**ACTIVITY:**
Start to finish, print the data below exactly, without the images.

**INFORMATION PROVIDED:**

——————

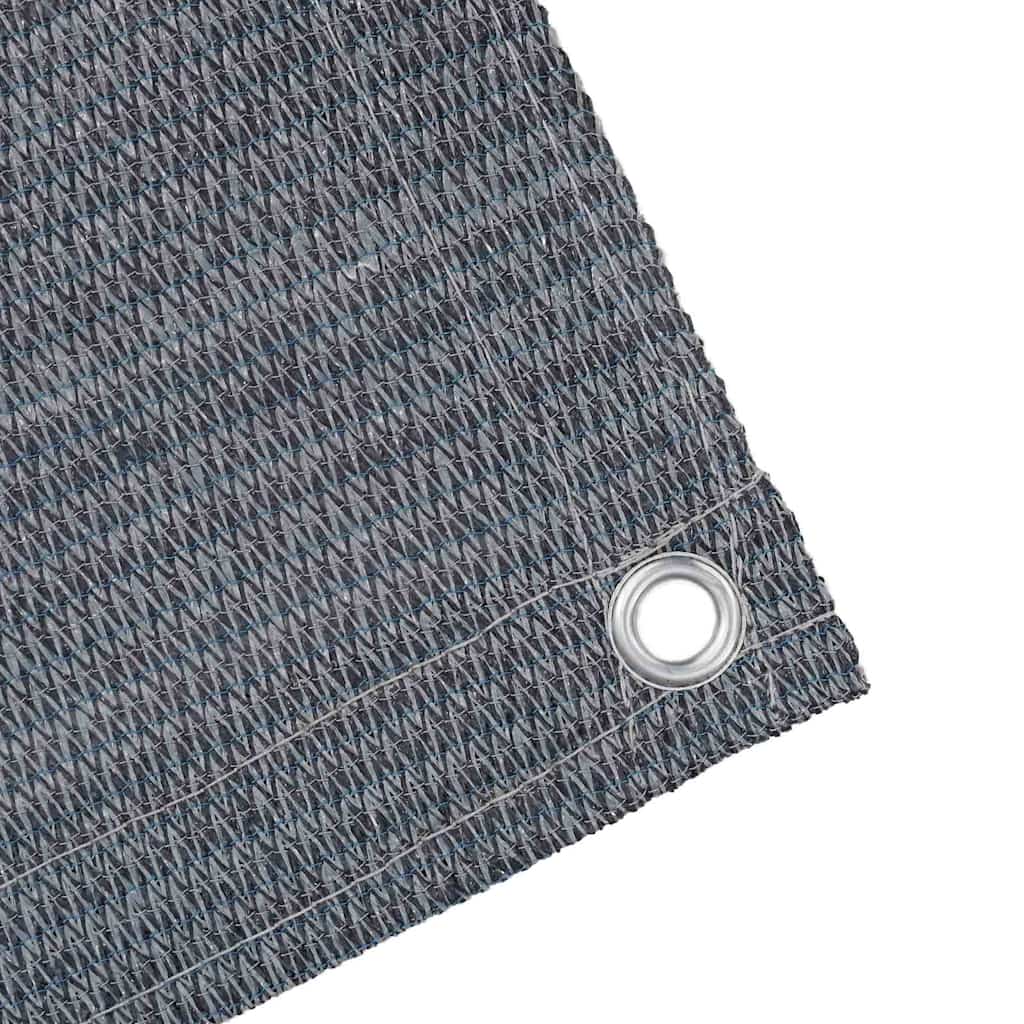 Zeltteppich Blau und Grau 700 x 400 cm Polyethylen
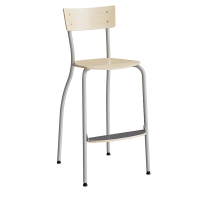 Strong 250 elevstol med birk laminat og alugr&aring;t stel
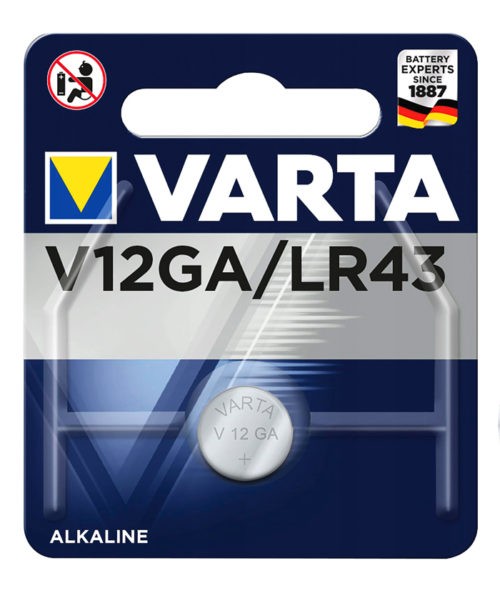 VARTA αλκαλική μπαταρία LR43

——————

**TASK SOLUTION:**
 Zeltteppich Blau und Grau 700 x 400 cm Polyethylen
 Strong 250 elevstol med birk laminat og alugr&aring;t stel
 VARTA αλκαλική μπαταρία LR43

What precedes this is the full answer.